Allgemeines
Architekturarchive
Archivbau
Archivbibliotheken
Archive in der Zukunft
Archive von unten
Archivgeschichte
Archivpaedagogik
Archivrecht
Archivsoftware
Ausbildungsfragen
Bestandserhaltung
Bewertung
Bibliothekswesen
Bildquellen
Datenschutz
... weitere
Profil
Abmelden
Weblog abonnieren
null

 
Liebe Kolleginnen und Kollegen,

das Interesse an dem Schicksal des Historischen Archivs in Köln hält gerade in Fachkreisen ungemindert an. Es wird auch viel Hilfe angeboten. Daher dieser Bericht und die Informationen zur koordinierten Hilfestellung.

Heute hat sich zusätzlich ein Archiv-Krisenstab mit Vertertern der Stadt, des Historischen Archivs, der Berufsfeuerwehr Köln, des Landesarchivs NRW, den Archivämtern von LVR und LWL sowie der ARGE der Stadtarchive im Städetag, des VdA und von Restauratoren gebildet, der die weiteren Schritte der Bergung berät und Entscheidungen trifft.

Am Mittwoch konnte mit der Abdeckung des Trümmerbergs mittels Plane ein großer Teil vor dem einige Stunden später einsetzenden Regen abgesichert werden.

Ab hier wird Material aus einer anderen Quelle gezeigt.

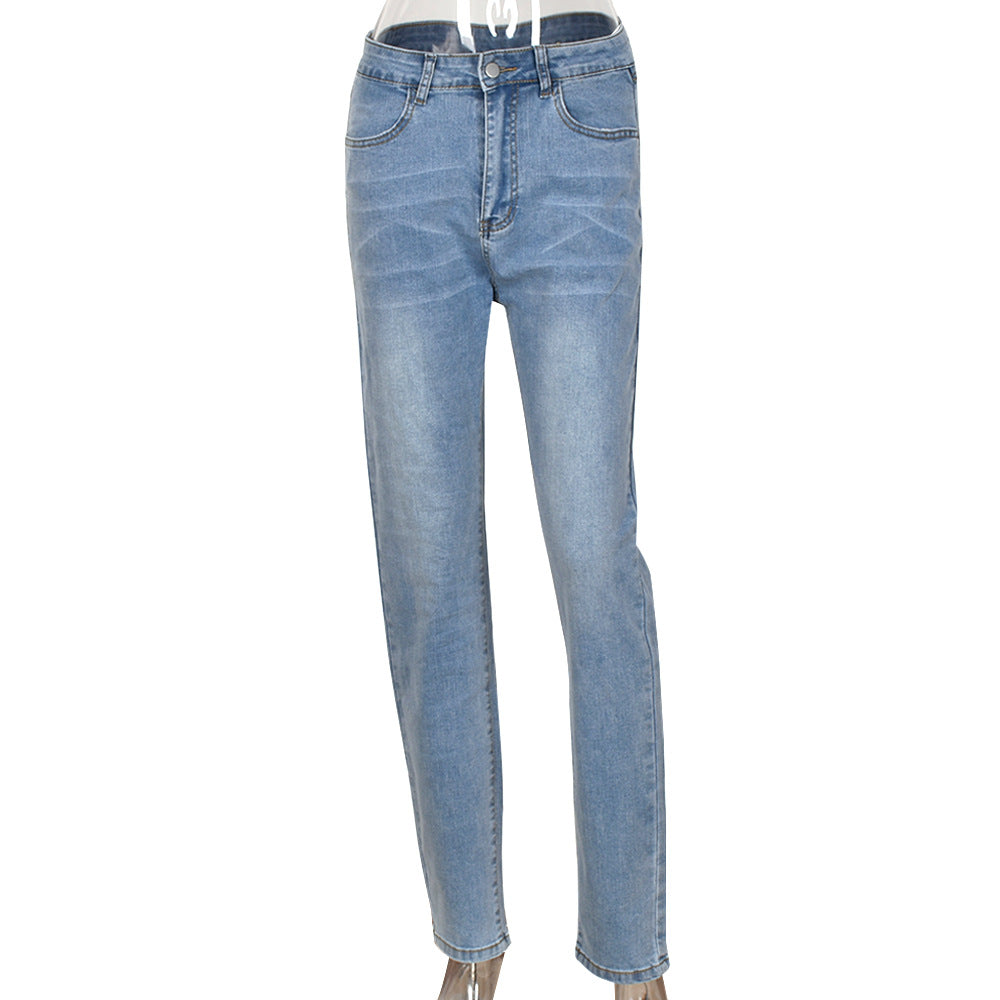 Hollowed Strechy High Waist Jeans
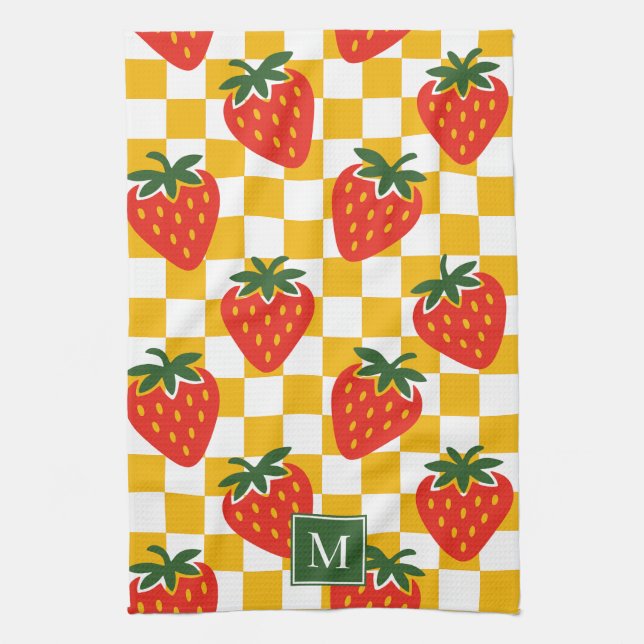 Strawberry Rustic Farmhouse Checkered Monogram Kitchen Towel (Vertical)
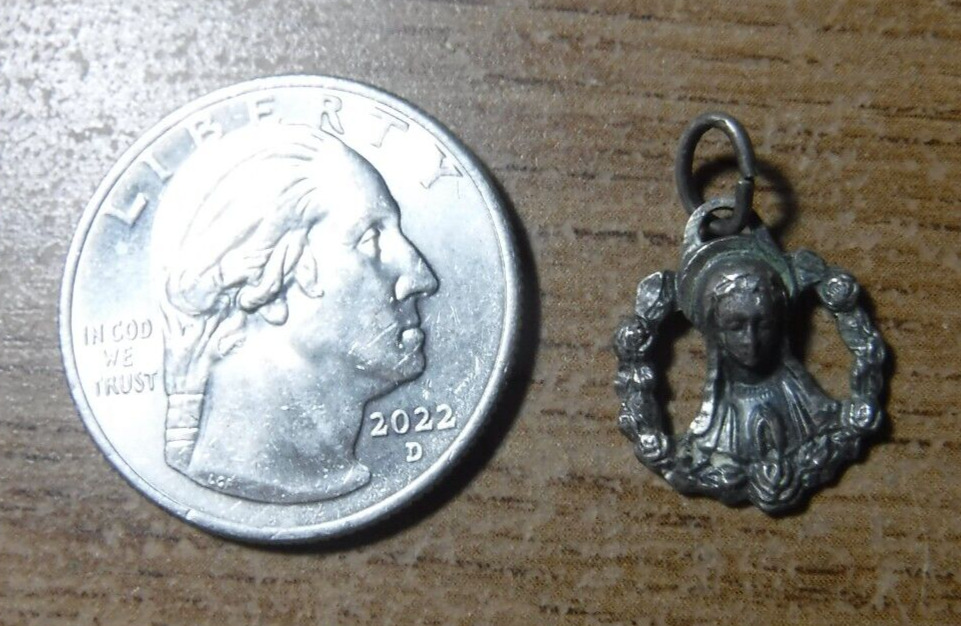 Vintage Virgin Mary Sterling Silver Petite Catholic Medal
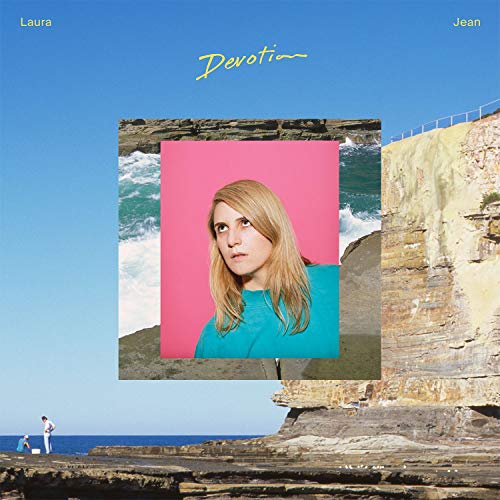 A portrait of a blonde woman against a pink background superimposed over coastal cliffs.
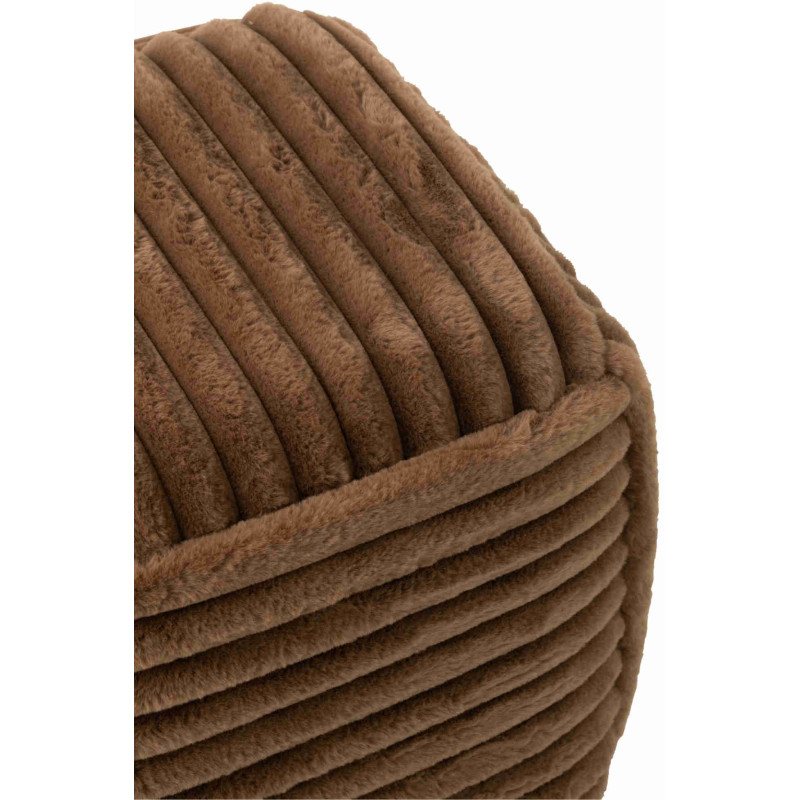 Pouf carré côtelé marron chocolat en fausse fourrure 45 cm Kowun J-Line - 3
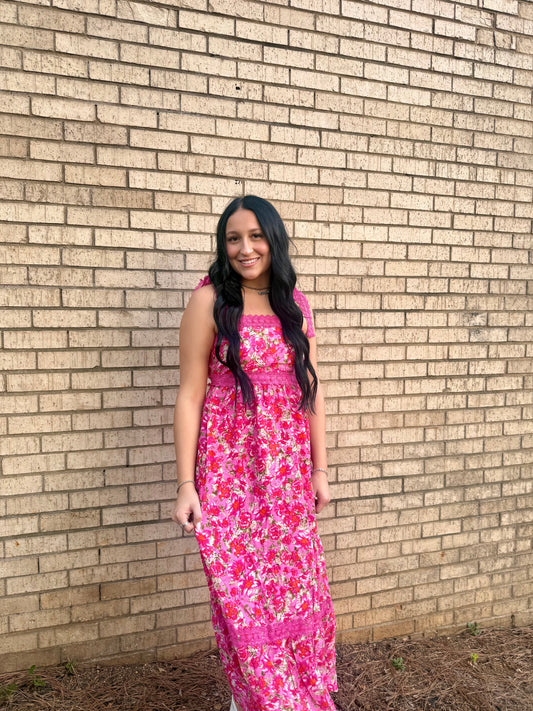 Floral Lace Tied Strap Empire Waist Maxi Dress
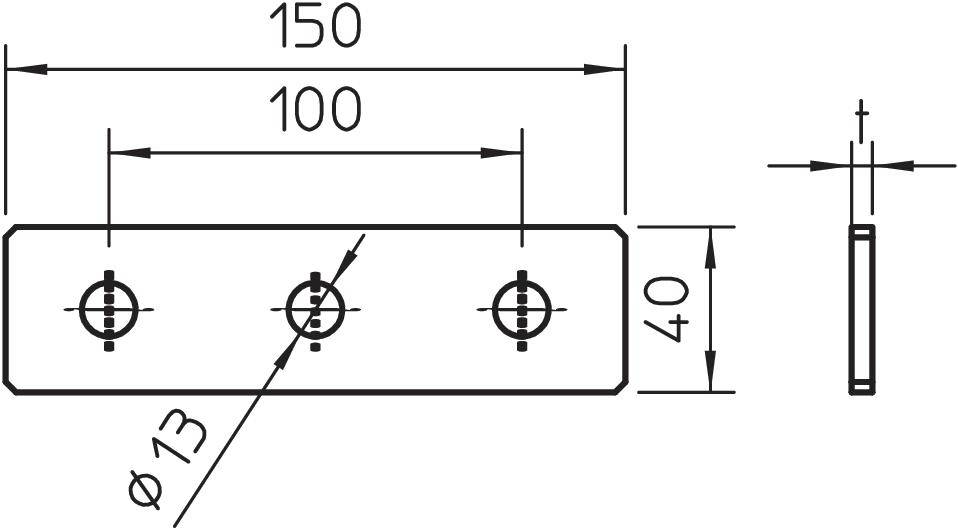 Rysunek techniczny płyty metalowej: Długość 150 mm, szerokość 40 mm, trzy otwory o średnicy 13 mm. Odległości: 100 mm między otworami. Widok profilu po prawej stronie.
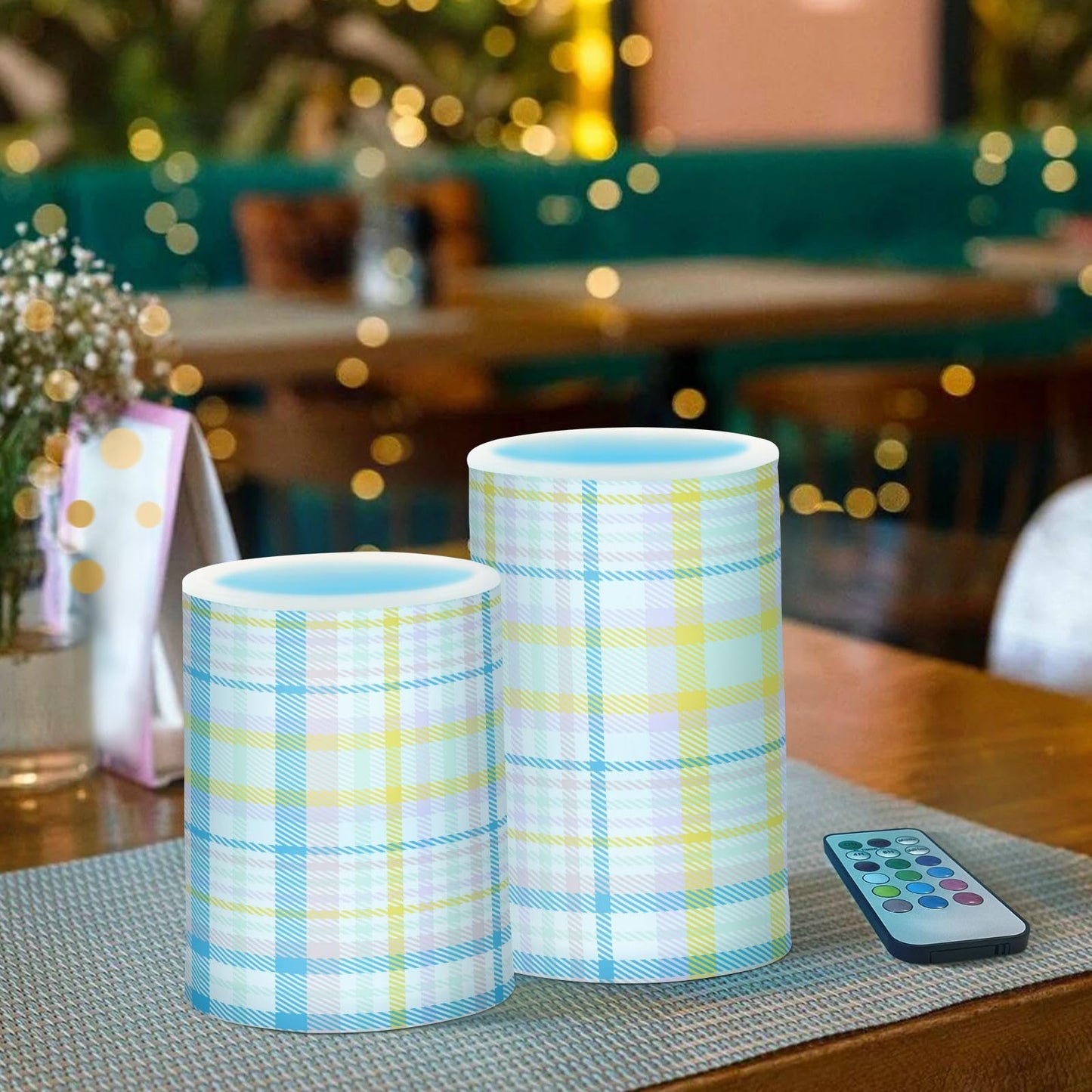 Eionryn Rainbow Buffalo Plaid Pastel Flameless Candles Farmhouse Spring Summer Check Battery Operated LED Candles with Remote Timer Electric Candles for Home Party Decor 2pcs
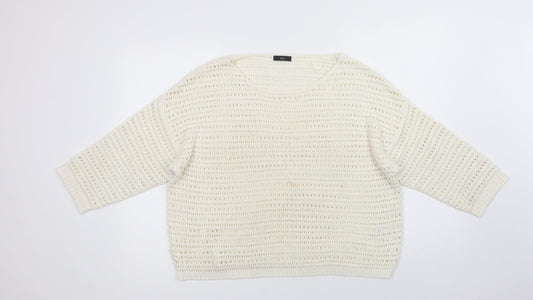 Womens UK Size 16 M & Co Ivory Pullover Jumper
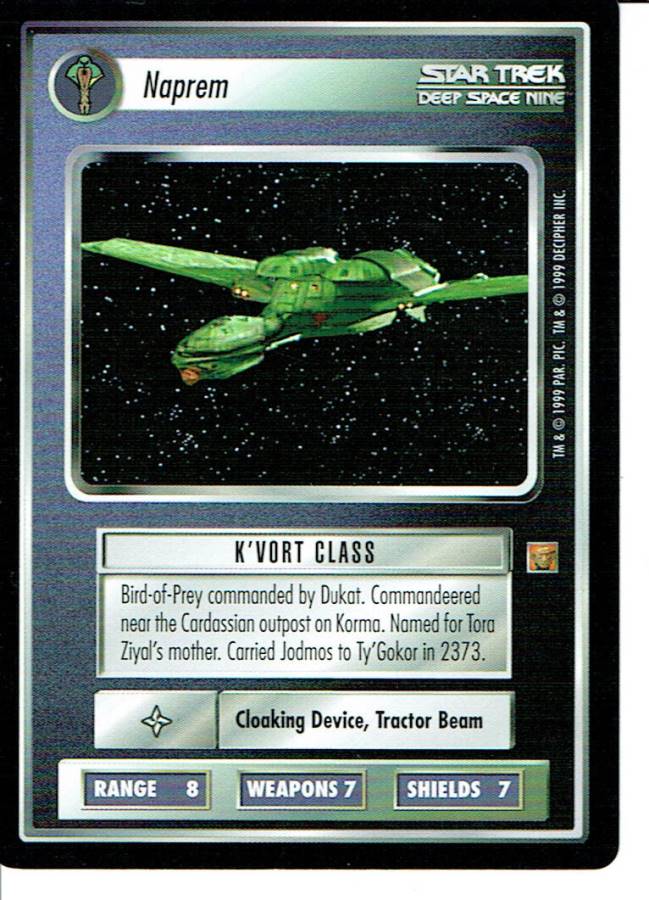 STAR TREK CCG RULES OF ACQUISITION RARE CARD NAPREM lp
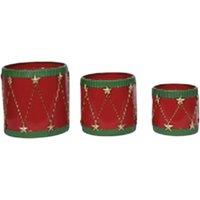 Four Candle Set of 3 Red & Green Christmas Ceramic Festive Decorative Plant Pots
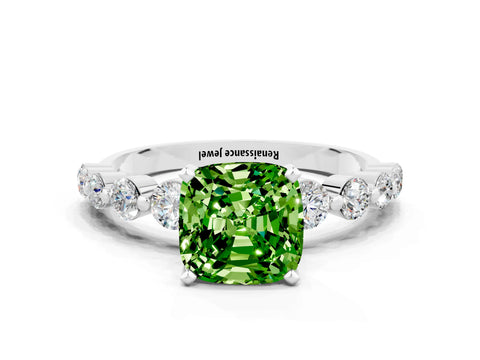 White gold Cushion Cut Solitaire Peridot Ring with Pave Band and Four-Prong Setting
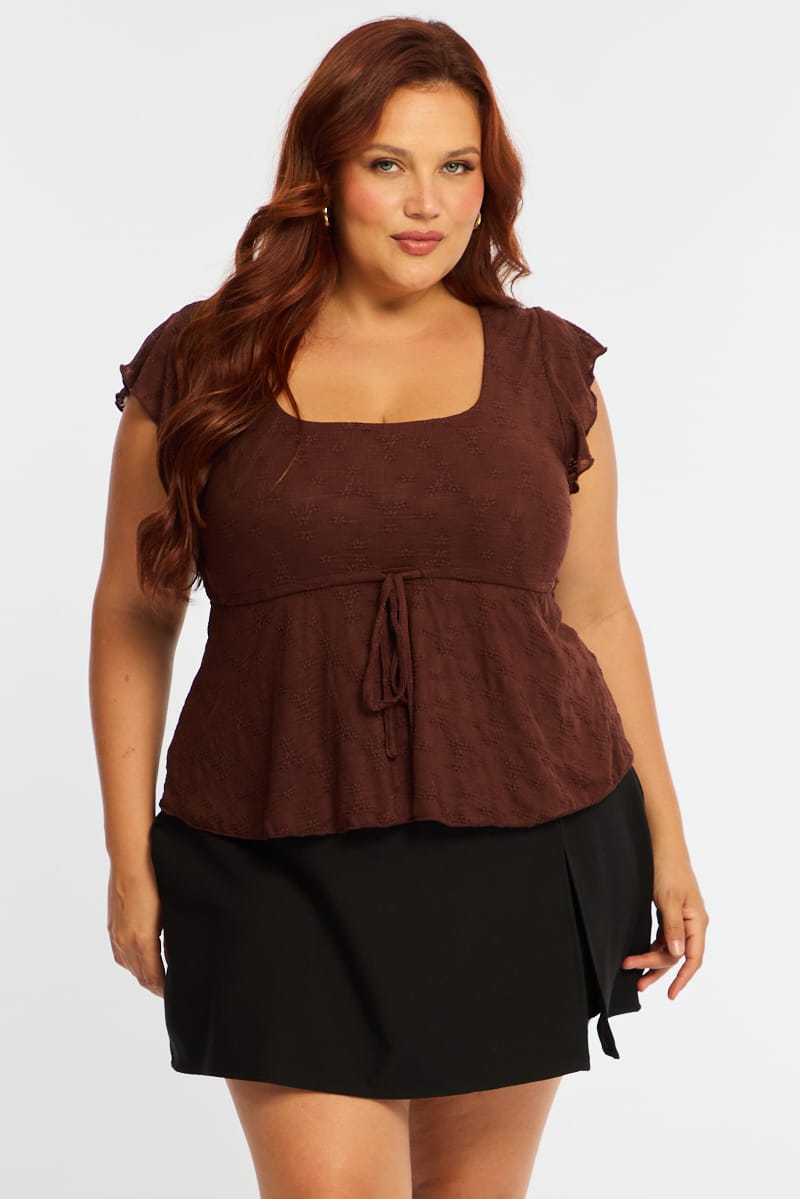 Brown Floral Babydoll Top Short Sleeve Mesh Floral for YouandAll Fashion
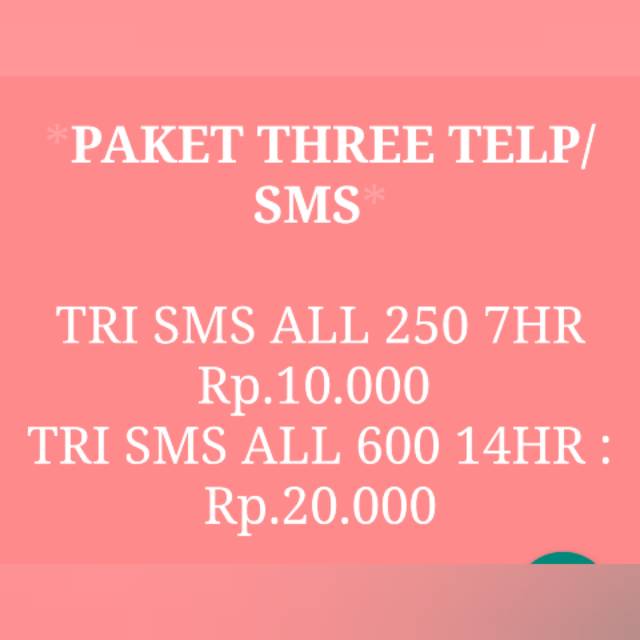 Paket Sms Three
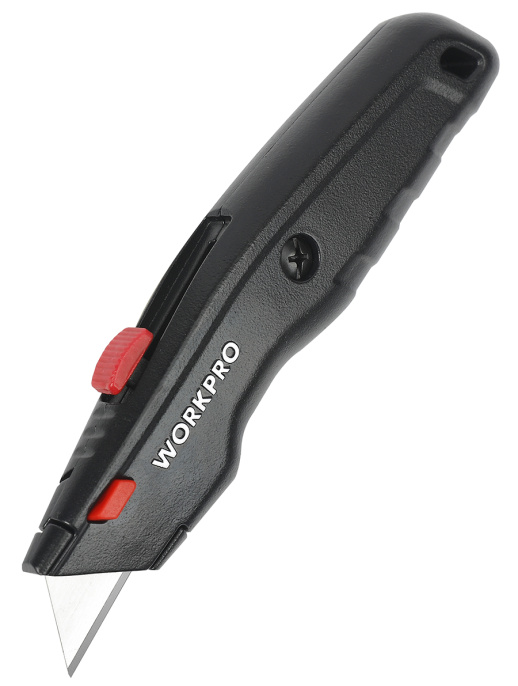 Нож строительный WorkPro WP213008 черный, корпус из алюминиевого сплава, эргономичный дизайн, 3-позиционное выдвижное лезвие, механизм быстрой замены лезвия, при хранении 3 предметов лезвий, подходит для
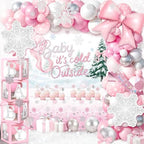 Kriyokiaa Baby Its Cold Outside Baby Shower Decorations, Pink Winter by Kriyokiaa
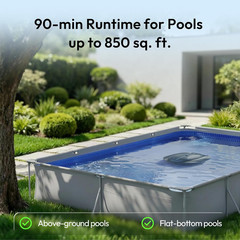 Bubot 300P Cordless Robotic Pool Vacuum with 90-Min Runtime & Suction Power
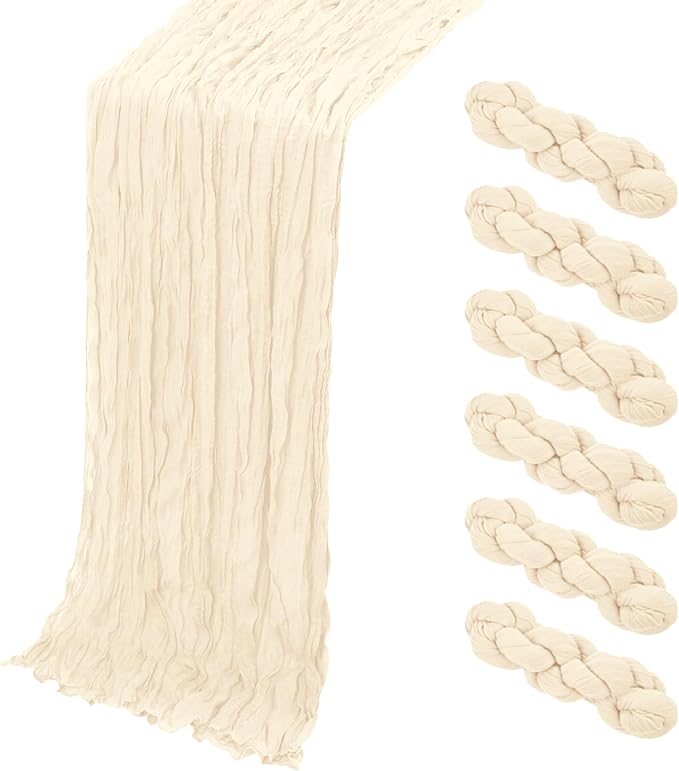 6 Pack Ivory Cheesecloth Table Runner, 17 x 108 Inch, Gauze Cheese Cloth Table by Yorcari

Verzögerungen traten bei dem Bau des Daches auf, das über den Trümmerberg errichtet wird. Diese Verzögerungen hingen mit der nicht sicheren Standfestigkeit des gegenüberliegenden Gymnasiums zusammen. Erst nachdem diese gegeben war, konnte mit dem Aufbau des Daches begonnen werden. Stand heute nachmittag: Ein Drittel des Trümmerbergs ist per Dach gesichert, der weitere Teil des Daches wird vorbereitet und im Laufe des morgigen bzw. des nächsten Tages aufgebaut.

Was und wie wurde bisher gerettet? Zuerst zum Wie: Vor Ort tragen Feuerwehrleute sehr behutsam und äußerst fachgerecht die Archivalien per Hand von den bereits zu räumenden Stellen der Unglücksstelle ab. Die Archivalien stammen aus den Stellen, die zwecks Aufbau des Daches geräumt werden müssen und die bei der Suche nach den Vermissten auftauchten. Diese Archivalien werden vor Ort von Archivaren, Restauratoren, Museumsangestellten und anderen fachkundigen Kräften einer ersten Sichtung unterzogen und anschließend verpackt. Der Zustand ist sehr unterschiedlich - einzelne Archivalien sind sehr in Mitleidenschaft gezogen, aber es gibt auch vollständig erhaltene Akten sowie sogar Archivkartons, die theoretisch direkt der Benutzung zugeführt werden können. Besonders nasses Material wird ausgesondert. In einer überdachten Halle werden außerhalb der Unglücksstelle zudem sämtliche per LKW transportierten Schuttreste gesichtet und aussortiert. Zur Zeit sind ständig - außer Feuerwehr, Rettungskräften, THW, Unternehmen etc. - zwischen 40 und 50 Personen im Einsatz - und dies im Dreischichtbetrieb, rund um die Uhr, sieben Tage. Das Archivgut wird vorsortiert, zur Einlagerung vorbehandelt bzw. zur Einfrierung verpackt. Unter den Helfern sind viele Kollegen aus Kölner Archiven, aber auch aus anderen Orten. Hinzu kommt, dass die Archivschule Marburg in den nächsten Tagen mit 50 Studenten, Dozenten und Mitarbeitern helfen wird. Auch die FH Potsdam hat Hilfe angeboten, die ebenfalls bald angenommen wird.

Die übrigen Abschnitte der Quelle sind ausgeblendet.